By | Published: February 9, 2006 | Last updated on May 18, 2023
Patroclus
Patroclus and its companion Menoetius make up the only binary Trojan asteroid known. Astronomers now suspect they bear a kinship with comets.
W. M. Keck Observatory / Lynette Cook
February 9, 2006
Astronomers using the 10-meter Keck II Telescope on Hawaii’s Mauna Kea have refined the mutual orbit of asteroid 617 Patroclus and its companion. The pair is the only known binary object among the 1,900 asteroids the giant planet Jupiter shepherds around the Sun.

Once astronomer Franck Marchis at the University of California, Berkeley, and his colleagues modeled the orbit, they could determine the density of the two asteroids. These asteroids, they say, have densities closer to those of comets than rocks. Patroclus and its companion, provisionally named Menoetius, are less dense than water, which means they’re probably made of water ice and coated with a patina of dirt.

“It’s our suspicion that the Trojans are small Kuiper Belt objects,” says Marchis.

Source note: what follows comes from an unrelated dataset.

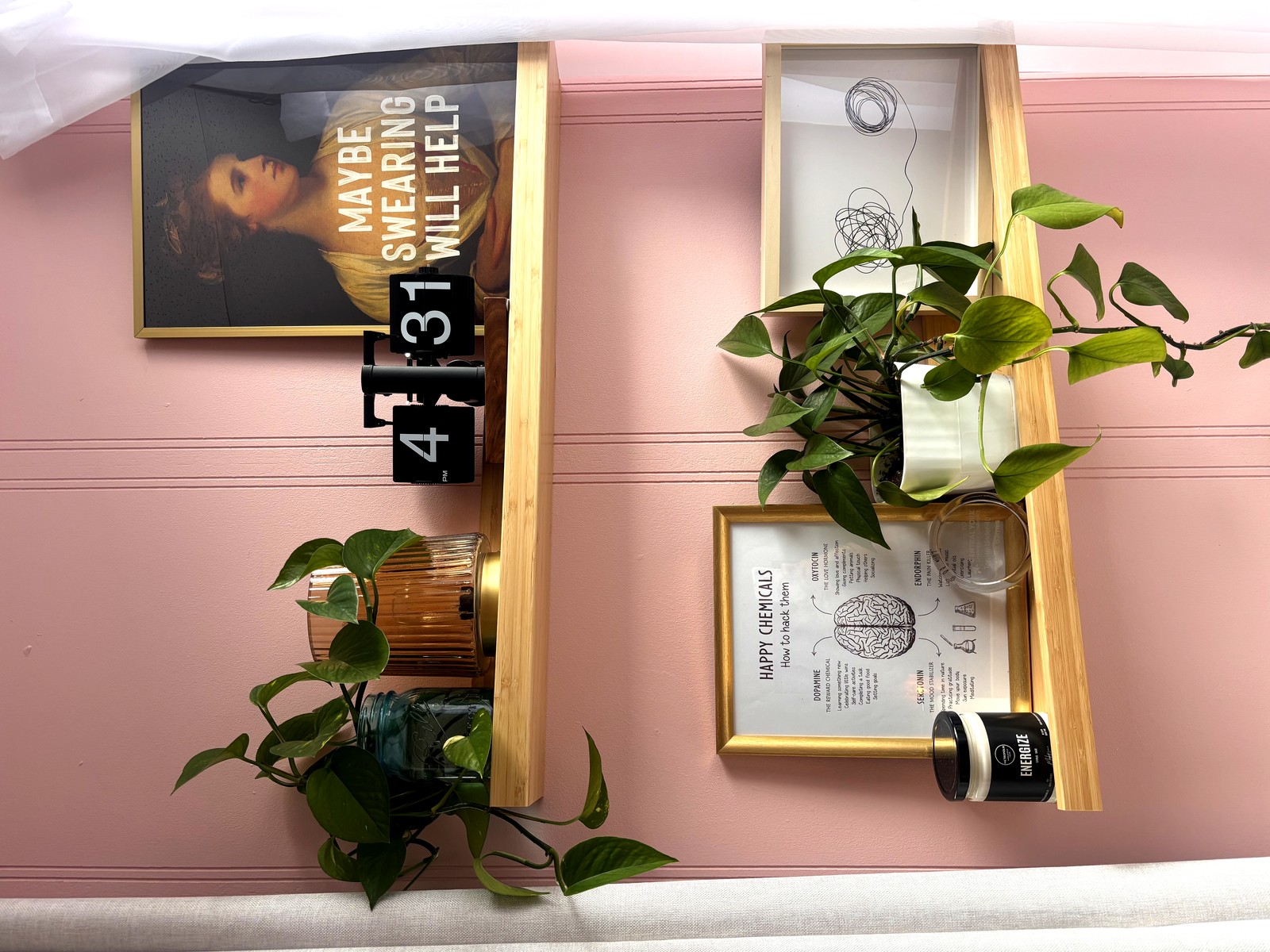 Ontario Therapy office detail — shelves, plants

Trojan asteroids are those that lead or follow Jupiter by 60° in its orbit around the Sun. The gravity of Jupiter and the Sun balance at these locations, allowing objects to accumulate there. According to the Minor Planet Center in Cambridge, Massachusetts, astronomers have cataloged about 1,900 of these space rocks. They are relatively small and faint, which makes them difficult to study even with the world’s largest ground-based telescopes.

Astronomers found Patroclus in 1906. In October 2001, William Merline at the Southwest Research Institute in Boulder, Colorado, and his colleagues found its companion, but their observations weren’t detailed enough to determine the components’ orbit.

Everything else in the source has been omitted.